1856: Oct. 22? (Vol. 1: no. 1) – 1857: Oct. 14? (vol. 1: no. 52)



Subsequent Title

The Western Mercury (Sandwich) may continue the British Canadian. The two newspapers shared a business office. On page 2 of the Feb. 25, 1858 issue of the Western Mercury, the editor writes “All parties indebted to this office for the 1st vol., British Canadian or for printing, or advertising, are requested to make immediate payment.” The newspapers also share the same motto: Our country’s welfare first, and then, we stand by honest party men. Furthermore, the numbering of the Western Mercury seems to continue the numbering of the British Canadian. However, the two newspapers have different editors, different political perspectives (based on content in existing issues), and were published on different days.

Online Holdings

1857: Feb. 18 (Vol. 1: no. 18) 4p. 2 copies


British Canadian (Sandwich), Newspapers, Sandwich (Ontario), Windsor (Ontario), Essex County (Ontario)


Canadian History | Public History


Public Domain


The British Canadian was a four page weekly newspaper published in Sandwich every Wednesday morning at a subscription cost of 10 shillings per annum.
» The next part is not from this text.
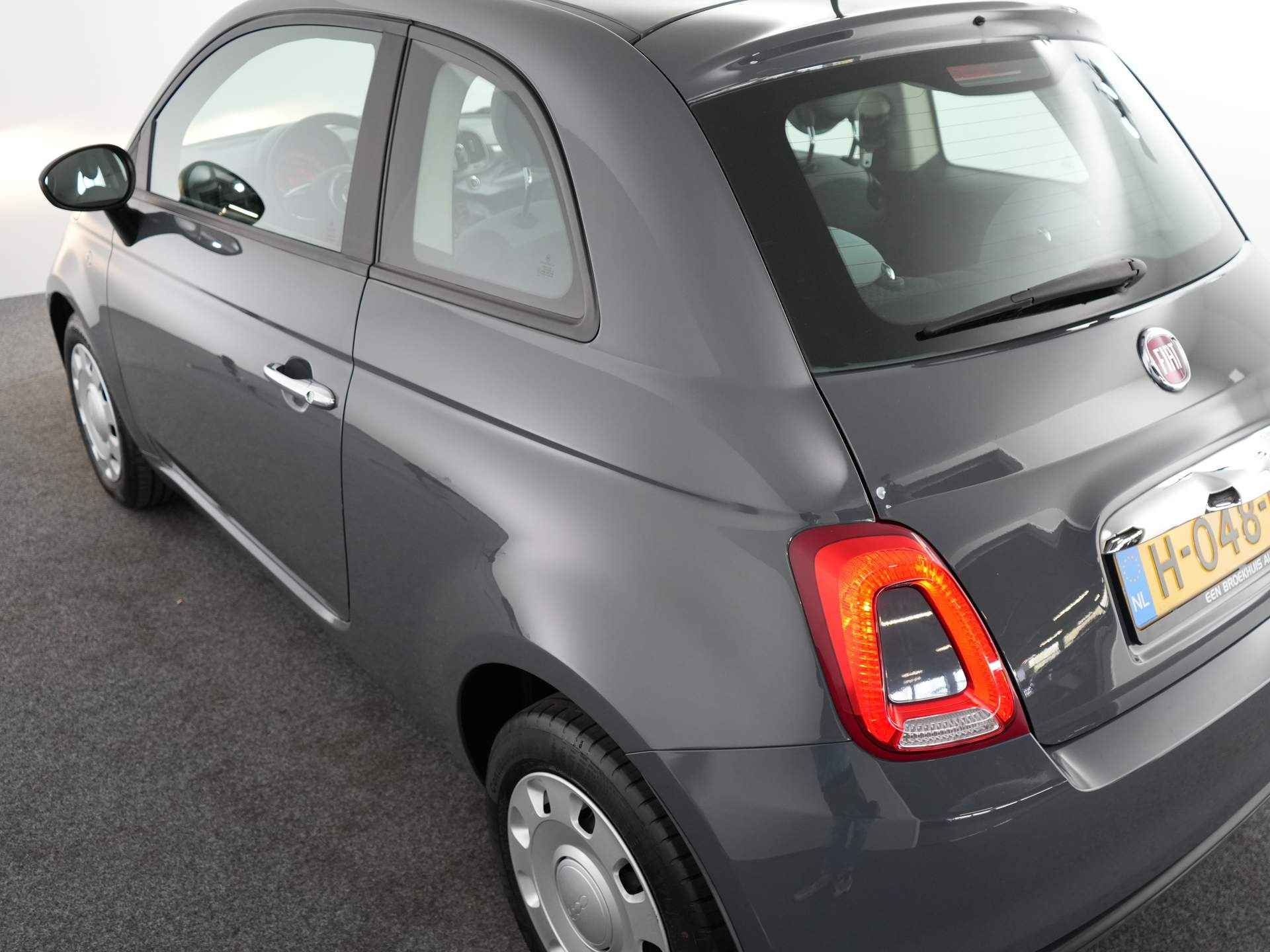 Fiat 500 0.9 TwinAir Turbo Young | Airco | Bluetooth | Radio | - 23/25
It first appeared in October 1856 and may have been continued by the Western Mercury in about November 1857. The editor was W. H. Wilson and it was published through his company, W. H. Wilson and Company.

The newspaper’s motto was “Our country’s welfare first, and then we stand by honest party men”. W. Meikle’s Canadian newspaper directory of 1858 (updated to Spring/Summer 1857) wrote of the British Canadian: “This sheet is moderate on political matters, rather inclining to Reform. It is quiet on points of religion, holding a somewhat neutral position. It has a circulation approaching to 500, chiefly within the county, besides not a few in Western Canada and different parts of the United States”. Indeed, a lot of the newspaper was taken up with small, local advertisements, notices, and a good dose of poetry and prose. National and international news stories were reprinted from other newspapers, and there seemed to be relatively little (although sometimes still contentious) local reporting.
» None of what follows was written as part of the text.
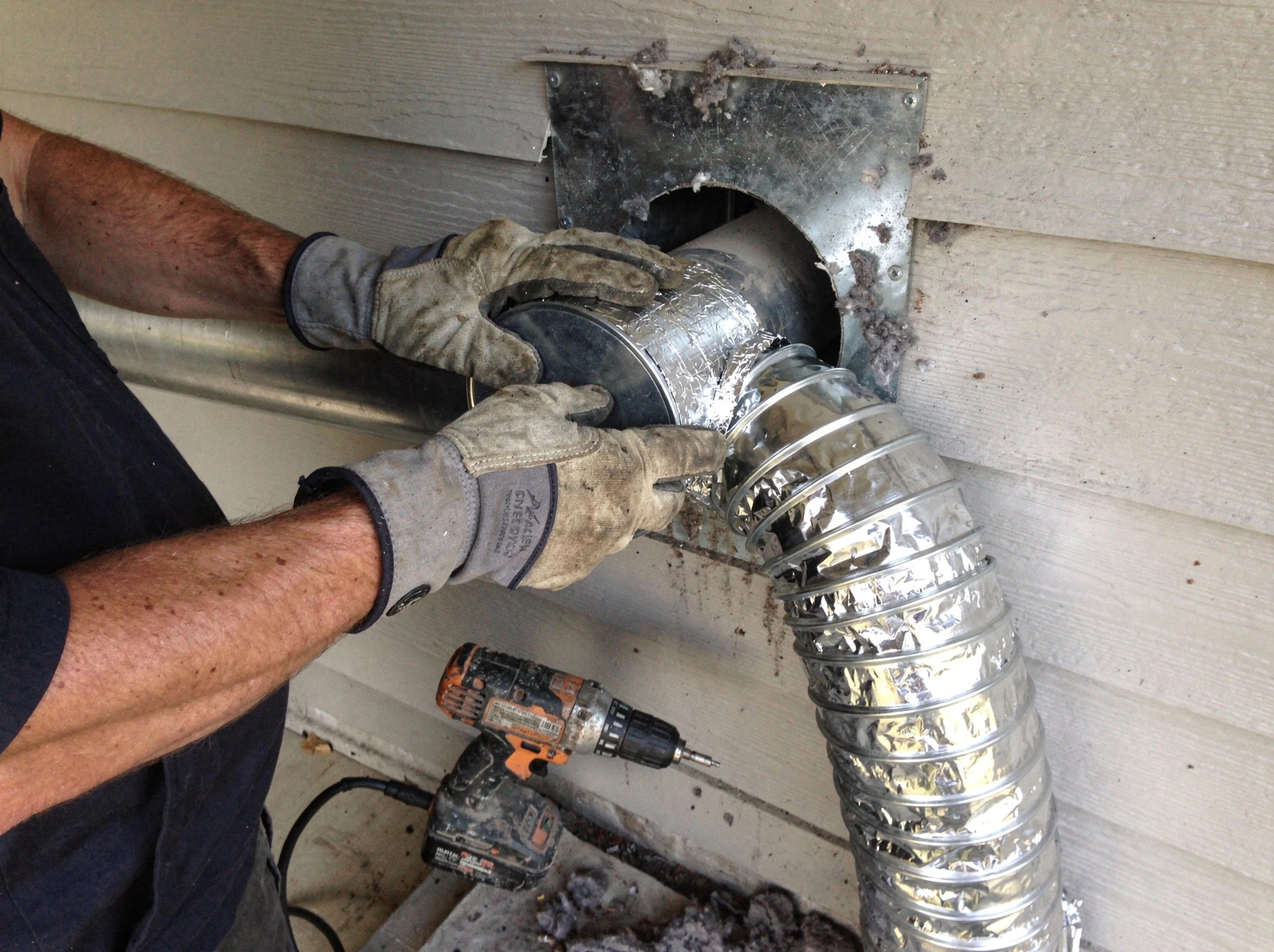 Vent Repair & Installation service in Marietta, GA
During this time, there was considerable rivalry among newspapers. Some of it was friendly, some not so friendly. The Windsor Herald of November 28th, 1856 (p.2) had a lot to say about the British Canadian. The Herald began by making fun of the super tabloid size (greater than 24x36 inches!) of the British Canadian’s first few issues and its claim to the title of “largest” newspaper in the County: “It is now reduced to the common size of the others and feels itself a little more comfortable in consequence, as there is less matter to supply, less wages to pay, and less trash for the half dozen readers to wade through.” “We cannot say that the improvement is visible, unless a change from maudlin imbecility to malignant and vulgar writing may be considered as such.” The British Canadian had apparently been very critical of the Herald and the 2 newspapers seemed to disagree on locally based controversies, for example, the latest legal woes of Colonel John Prince.
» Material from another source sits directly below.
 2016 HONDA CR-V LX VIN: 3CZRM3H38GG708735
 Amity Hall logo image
The Windsor Herald stated that there were 3 men (the Editor, “Veritas”, and “Publicola”) behind the British Canadian and implied that they had pretensions to classical learning. They could be: William Henry Wilson, his brother George Wilson, and their cousin William Mercer Wilson (a lawyer, later judge, and high-ranking free Mason). They emigrated together from Scotland and settled in Simcoe, Norfolk County in 1832. They do not appear, however, to have spent very much time in Sandwich. In 1840, William Mercer Wilson imported the first printing press into the Simcoe area and published the Norfolk Observer from 1840-1842. It appears possible that they may also have been involved in a Simcoe “British Canadian” newspaper (History of Canadian Journalism, 1908). An extant Extra (1862) is devoted to an address by William Mercer Wilson, then Warden of the County of Norfolk. In the early 1860s, there were also “British Canadian” newspapers in Port Hope and Sarnia, although it is unclear if, or how, any of them were connected.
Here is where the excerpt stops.